Pero Belluga representaba el modelo episcopal de los eclesiásticos educados en las firmes convicciones religiosas del siglo XVII. Riguroso moralista, censor de las costumbres públicas, antirregalista, activo mediador entre la corona española y la Santa Sede en los conflictos surgidos durante los años de la guerra, mantuvo sonadas diferencias con Felipe V en cuestiones que afectaban a las relaciones del estado con la Iglesia. Sagaz analista de aquellos males que amenazaban a la corona, fue asimismo precursor de políticas sociales adelantadas a las de la Ilustración.
Floridablanca, por el contrario, nacido en 1728, representa al reformador de la segunda mitad del siglo. Brillante abogado, fiscal y eminente político, alcanzó la nobleza gracias a sus dotes iplomáticas. Sus relaciones con Campomanes, Aranda, Grimaldi, Jovellanos le colocaron a la vanguardia reformadora de su siglo y junto a los más destacados representantes del espíritu ilustrado. Desde su condición de Secretario de Estado hasta su caída en 1792 impulsó reformas interiores en todos los niveles, dirigió la política exterior afianzando las alianzas con Francia, manteniendo el equilibrio de poderes en el Mediterráneo o apoyando la aparición de Estados Unidos. En esencia, Floridablanca representó el ideal perseguido por el reinado de Carlos III.

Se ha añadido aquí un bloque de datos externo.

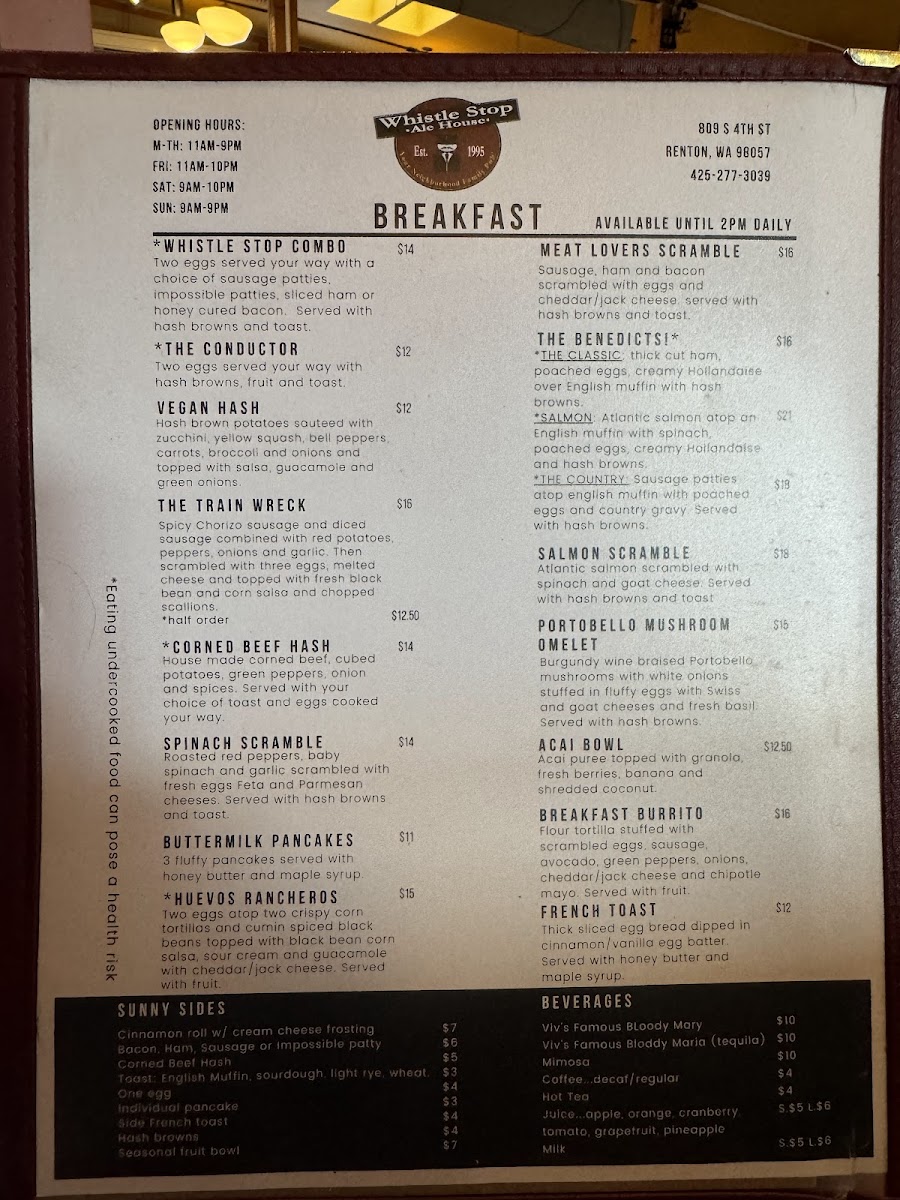 Menu Photo 0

Si tomamos como referencia estos dos rostros, pronto comprenderemos cuáles y cuán profundos fueron los cambios habidos durante aquel siglo. Sin negar la tradición –que en el arte barroco español tenía un considerable peso específico y una altísima calidad– esta nueva centuria transitó por otros derroteros. Salzillo tuvo la fortuna de asistir a aquellos cambios, dado lo prolongado de su vida. Al nacer en 1707, apenas llevaba Belluga dos años al frente de su obispado. Cuando el prelado marchó a Roma en 1723, era un aprendiz de escultura. Sin embargo, al nacer loridablanca, llevaba un año al frente del taller paterno y al marchar Moñino a la corte ya había realizado algunas de sus obras más estimables.

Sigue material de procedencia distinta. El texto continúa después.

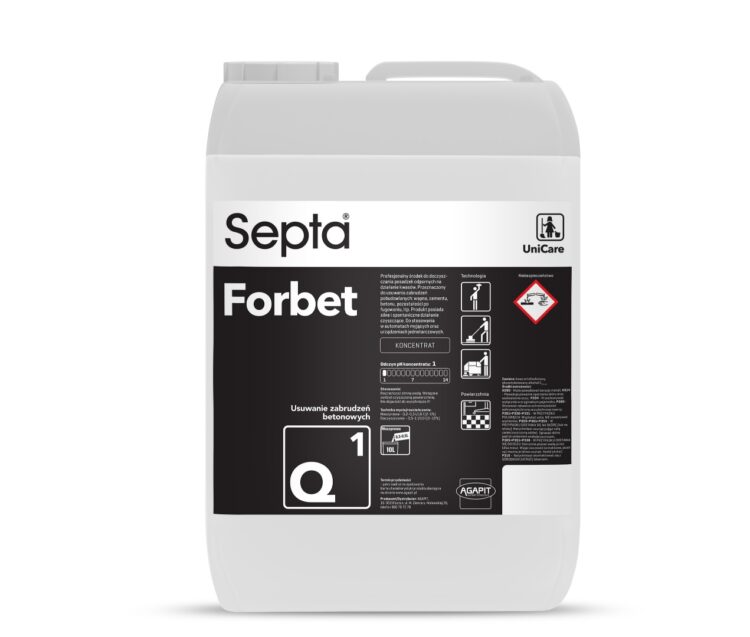 Septa forbet q1 10l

El curso de los acontecimientos demostró la diferente misión asignada a cada uno de sus forjadores y las sensibilidades brotadas de los mundos que representaban dejaron sus huellas en la obra de un político reformador y de un artista creador de una escuela con personalidad propia. El Salzillo de los grupos procesionales no fue el mismo del Belén de Jesualdo Riquelme. El mundo tradicional y moderno que ambos representan es equiparable al de los cambios que su siglo ofrecía y a relatar esa trama estaba dedicada la exposición Salzillo, testigo de un siglo.